THE LETTER OF PAUL TO THE ROMANS
The Way to Experience God’s Righteousness (Part Three)
Today’s lesson falls in the overall outline of Romans in the following way:
Theme: The Faithfulness and Righteousness of God (1:16-17)
I. The Need for God's Righteousness (1:18-3:20)
(26) And in the same way the Spirit also helps our weakness, for we do not know how to pray as we should, but the Spirit Himself intercedes for us with groanings too deep for words. (27) And He who searches the heart knows what the mind of the Spirit is because He intercedes for the saints according to the will of God.
It is by no means an accident that the topic of prayer comes right after a major passage on suffering. Not only does Paul draw the same connection in Rom. 12:12 ("rejoicing in hope, persevering in tribulation, devoted to prayer"), this connection makes sense. The only way that you and I are going to be able to endure sufferings in life is through prayer.
According to Paul what is one area we are weak in (8:26)? How are we weak in this area?
How does God help us in this area of weakness (8:26)?
Fill in the blanks to discover how deeply the Spirit intercedes for us: "The Spirit Himself intercedes for us with ______________ __________ ____________ for _______________."
Second, He Himself prays indirectly to God through us. How does this work? Most of the times we approach God in prayer with a list of requests which we've come up with on our own. They are not bad; it's just that these requests are not the requests that the Spirit Himself would make. What we need to do is search God in prayer to discover what it is He wishes we would pray in certain areas. When we do this, we are actually praying the prayer requests of God. Now this is not just something to strive for or to think of as being a worthy but impossible goal. This is what we are to do on a daily basis. When Jesus commands us to pray "in His Name," He means that we are to do this exact thing—pray the prayer that He Himself would pray. When we pray in Jesus' name then, we are praying to God on Jesus' behalf, on behalf of what Jesus Himself would pray.
Second, don't compare your prayers to the prayers of others.
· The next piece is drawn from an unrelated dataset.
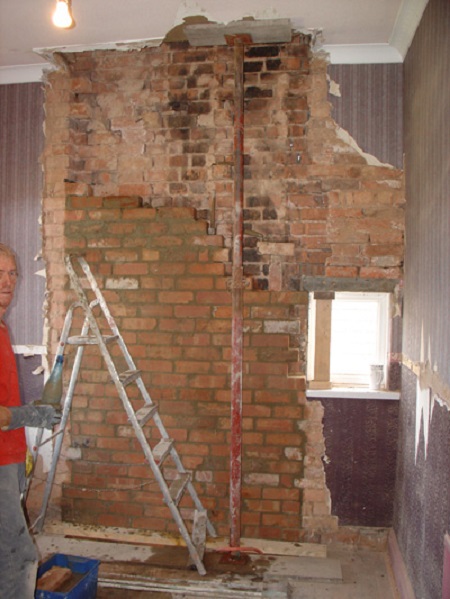 Démantèlement de la cheminée en brique Démantèlement de la cheminée en brique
(28) And we know that God causes all things to work together for good to those who love God, to those who are called according to His purpose. (29) For whom He foreknew, He also predestined to become conformed to the image of His Son that He might be the first-born among many brethren. (30) And whom He predestined, these He also called; and whom He called, these He also justified; and whom He justified, these He also glorified.
Having stated that God has made us right with Himself through Jesus Christ and having placed the Spirit within us as evidence that we are now right with God, Paul can draw no other conclusion than the following: "We know that God causes _________ ________________ to work together for ___________ to those who love Him and who are called according to His purpose." No matter how hard things may be getting or where it looks like we are headed, all things work together for the good of those who love God and who are called according to His purpose.
According to v. 28 why is this principle not true for ALL people?
Verse 29 tells us what that specific reason is, that is how all things work together for the good of God's people. God works all things so that we might be "conformed to the ___________ of His ____________." That is God's goal for all mankind. Unfortunately though this goal will be realized only in those who have submitted themselves to the lordship of Jesus Christ.
Why is conformity to the image of Jesus necessary? It is necessary if heaven is going to be heaven and not just pretty scenery, a change of location. The most beautiful scenery in the world isn't heaven: ask the drug users who live in Zurich, Switzerland, one of the most beautiful places in the world, located high in the Swiss Alps. If that location can't make you happy, then no beautiful scenery can make you happy.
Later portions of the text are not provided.